Simultaneously, the Buller district on the south island’s west coast declared a local state of emergency as heavy rains caused landslips and riverbanks to break, forcing two thousand residents to leave their homes.
The region had a similar experience with its neighbouring Marlborough district when 300mm of rain fell within just two days. The area suffered widespread damage prompting the government to give $600,000 in emergency aid to affected communities.
Talking to 1News, Associate Professor Asaad Shamseldin from the University of Auckland’s Civil and Environmental Engineering department says that this flooding resulted from climate change and could be a “new norm”. His basic message is the need for preparedness among communities.
Shamseldin also explained that land-use changes magnify the impacts of floods. For people to be well-prepared for such extreme events, we need to reassess risks. There should be a “very serious conversation” that will need to happen between the government and local communities to define “acceptable risk” to plan for the future.
Shamseldin says that mitigating the impacts of flooding in New Zealand could include early warning, stop banks, raising the floor level or houses and relocation.
Extreme events around the world
While extreme events are impacting several regions across New Zealand, countries worldwide are also experiencing the same thing.
The record rainfall in western Europe that started on July 15 has turned into catastrophic flooding that claimed at least 195 lives in Germany and Belgium. Burst rivers and destructive flash floods collapsed houses and ripped up roads and power lines.

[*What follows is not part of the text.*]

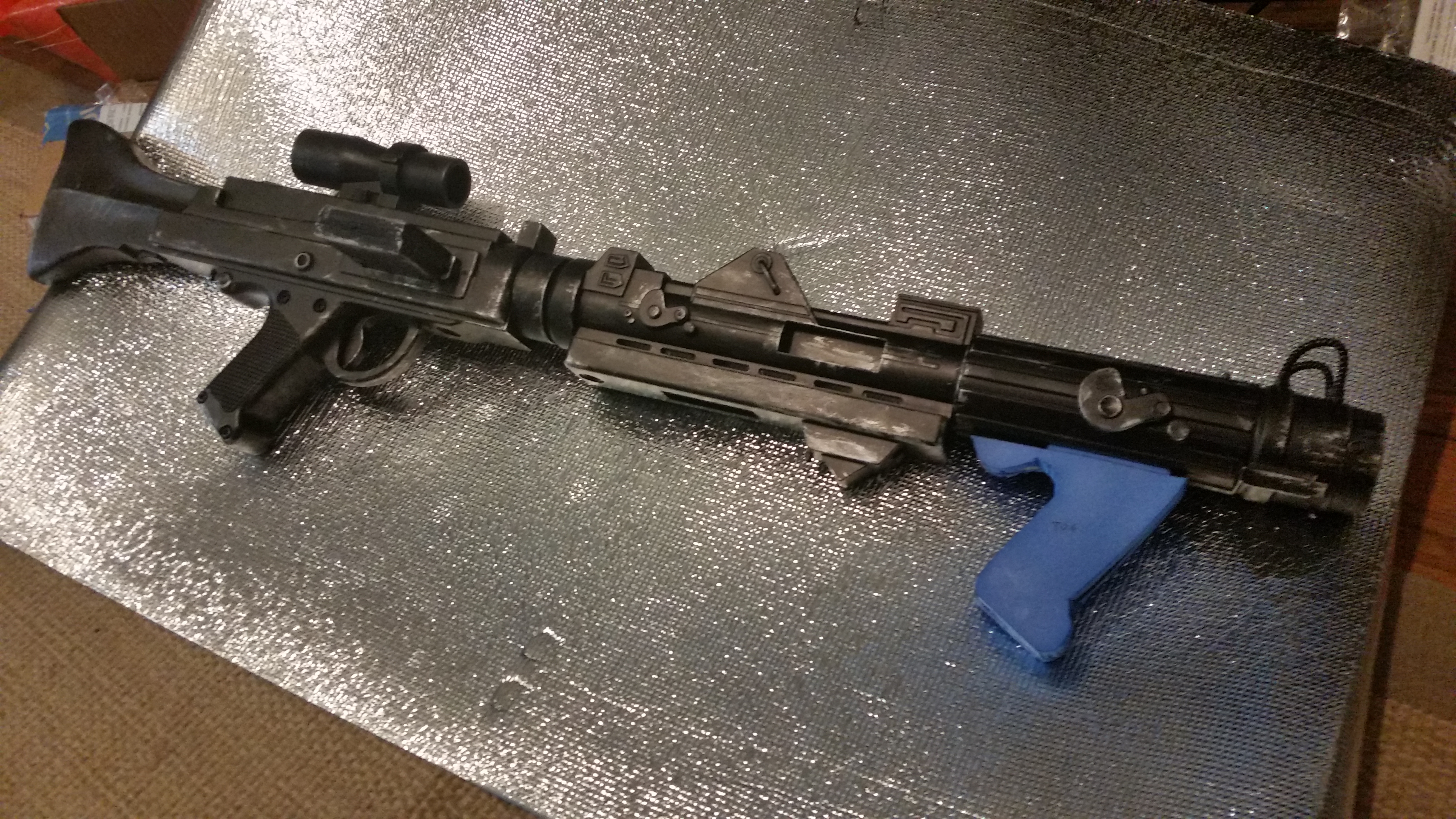 Full gun with foam foregrip waiting to be painted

Some blamed the German flood alert system for failing to communicate the dangers to its residents, resulting in a vast number of deaths and massive property and infrastructure damages.
But the government responded that flood warning systems sent out alerts a few days before the heavy rains, and it is up to the local communities to decide how to respond to the warning.
Several towns in the southern Netherlands suffered damage from flooding on July 16. Netherland’s Prime Minister Mark Rutte says that without a doubt, floods that swept the country and in Europe is a result of climate change.
Rutte says that to stop any future flood disasters, the first thing to do is give space to rivers, which the country is already doing. After the major flooding in 1993 and 1995, the Dutch reshaped areas around the river.
The heavy rains and flooding that hit Germany also came to Austria, causing flood alarms to sound off across Salzburg and Tyrol. The flood in Austria is described as a 50-year flood event.
BBC News published on July 5 that Edinburgh was hit with nearly half of its average July rainfall in under an hour as storms flooded the city.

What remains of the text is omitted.